俺は一度深呼吸して、今クルトに聞くべきことを整理する。
「お前がここに来たのは、聖女の祝福の力だと思って間違いないか?」
「あぁ、そうかもしれません。俺は、たぶん、あの場で殺された村の仲間たちの無念を抱え込んでここまで来ました。けど、どうしてここなのかわからずにいたんです」
「なるほど。祝福が原動力で霊魂となっても動けたが、目的意識は怨念に染められて暴走していた、か」
俺が整理すると、シューランが真っ直ぐに挙手する。
「あの! そのクルトさんが自主的に受け入れてくれるなら、私が使役してその怨念を抑える術を施せますけど?」
「クルト、お前は今のままの状態を自分で保てそうか?」
少し考え込むように俯くクルトは、若返ったせいもあって相変わらずイケメンだ。
昔はこの顔にイラついたもんだが、今は、どうしてもその顔に知った面影を探してしまう。
「無理そう、ですね。たぶん、魔法使いどのや戦士どのと話してるからこそ、自我を保てるんだと思います」
「じゃ、自我保つために私と契約して使い魔になってよ!」
「いや普通に浄霊してやれよ」
強い使い魔を手に入れたいだけのシューランに、ダルフが口を挟んだ。
「あの、戦士どの。俺はできればもう少し現世にいたいです」
「なんでだ? あ、いや、そうか。心残りあるよな」
「はい。まだナイアは生きてるみたいですし」
「「え?」」
俺とダルフの反応に、クルトは何か不穏なものを感じたらしく、不安げに泉がある方向を見た。
「ナイアは、泉に戻ってないですよ。水の精は肉体的に死ぬと、生まれた泉に戻るんですよね?」
「あ、あぁ。水の精の大本は大いなる精霊の集合意識で、ナイアもそのわけ身だ。ナイアとして死んだら、泉の大本に、戻る、はず…………」
ナイアが泉に戻ってない? だが、ナイアはすでに死んでいる。
でなきゃ、俺の所に子供たちだけ送るなんて真似するはずがない。
ヘンゼルとグレーテルが暴れてる現状、国も記録を遡ってナイアが魔女狩りで刑を執行されていることを確認しているはずだ。もし生きていたなら、すぐにでも捕まえてヘンゼルとグレーテルを止めるために引き摺り出すだろう。
「クルト、落ち着いて聞け。ナイアはすでに死んでる」
「魔法使いどの、何を言っているんですか?」
「まず、簡単に俺がここに来た理由を教える。俺は、ナイアの死後、お前たちのヨハネスとマルガレーテを弟子として育てた。だが、あいつらは家出して今、この国に復讐してる」
「あん? 名前違わないか?」
「え!? あの噂になってる!?」
ダルフとシューランは無視だ。
俺はクルトだけを見つめて続けた。
クルトの体から黒い靄が湧き出そうとしている。だが、俺を見据える栗色の瞳には、自我を保とうとする理性があった。

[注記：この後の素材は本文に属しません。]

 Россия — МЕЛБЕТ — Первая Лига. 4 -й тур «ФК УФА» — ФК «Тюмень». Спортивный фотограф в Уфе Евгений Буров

「俺は知ってる限りのことをお前に教える。代わりに…………、お前も思い出せる限り、お前が殺された戦について教えろ」
「…………はい。はい! どうか、俺の家族がどうなったのか、教えてください。そのために必要なら、魔物の使い魔にだってなります」
俺は口を突いて出そうになる罵声を、目を瞑って耐える。
なんでこいつが死ななきゃいけなかったんだろうな、ヘンゼル、グレーテル。
なんでお前たちが、不幸にならなきゃいけなかったんだろうな。
あぁ、本当にお前たちと関わってから、諦めてたはずの感情を思い出す。
思い出しちまったものは、しょうがないよな。